> Task directions:
Begin at the top of the records below and print each line exactly until the line containing "Available-for-sale securities can" has been printed; any pictures are to be left out.

==== Source material

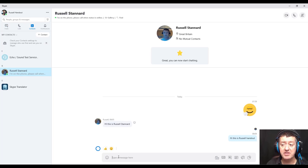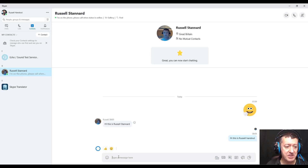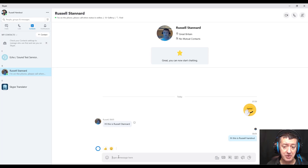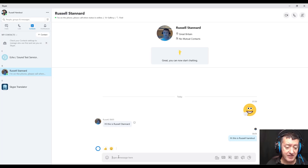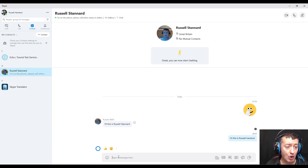Notice we're not actually in a call at the moment — we're simply connected to each other and able to communicate. Often I do that at the beginning of a lesson: when I'm receiving lessons, the teacher will simply message me saying 'Right Russell, are you ready?' and then we start the call.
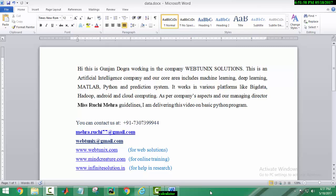As per company's aspects and our managing director Ms. Ruchi Mehra's guidelines, I am delivering this video on basic Python programming. You can contact us at Mehra.Ruchi77-gmail.com and WebTunix-gmail.com.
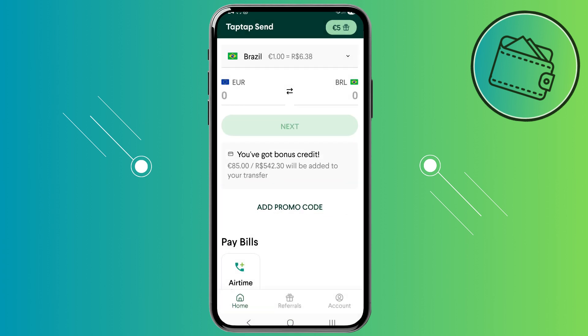So just go ahead and tap enter, and then this promo code will be applied right here under the bonus credit. On your next transfer, that extra money will be credited to the transfer and the recipient will receive those extra funds.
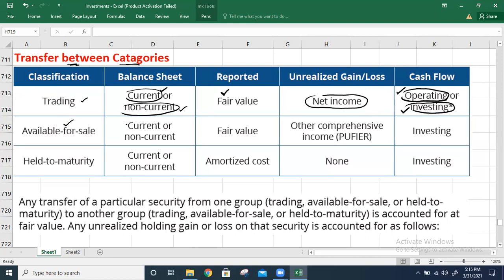Available-for-sale securities can also be recorded as current or non-current assets depending on the nature and purpose of investment. They are also reported at fair value, but changes in fair value — unrealized gains or losses — are taken to other comprehensive income (OCI). In the cash flow statement, they are treated as investing activities.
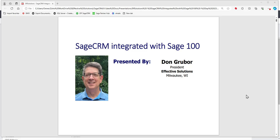Hi, this is Don Gruber from Effective Solutions. We're Sage CRM consultants based just outside of Milwaukee, Wisconsin. I'm going to take you through the Sage CRM package, tightly integrated with Sage 100 — the features, the benefits, and the functionality that you can expect. So let's get right into it.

========

> Response:
Notice we're not actually in a call at the moment — we're simply connected to each other and able to communicate. Often I do that at the beginning of a lesson: when I'm receiving lessons, the teacher will simply message me saying 'Right Russell, are you ready?' and then we start the call.
As per company's aspects and our managing director Ms. Ruchi Mehra's guidelines, I am delivering this video on basic Python programming. You can contact us at Mehra.Ruchi77-gmail.com and WebTunix-gmail.com.
So just go ahead and tap enter, and then this promo code will be applied right here under the bonus credit. On your next transfer, that extra money will be credited to the transfer and the recipient will receive those extra funds.
Available-for-sale securities can also be recorded as current or non-current assets depending on the nature and purpose of investment. They are also reported at fair value, but changes in fair value — unrealized gains or losses — are taken to other comprehensive income (OCI). In the cash flow statement, they are treated as investing activities.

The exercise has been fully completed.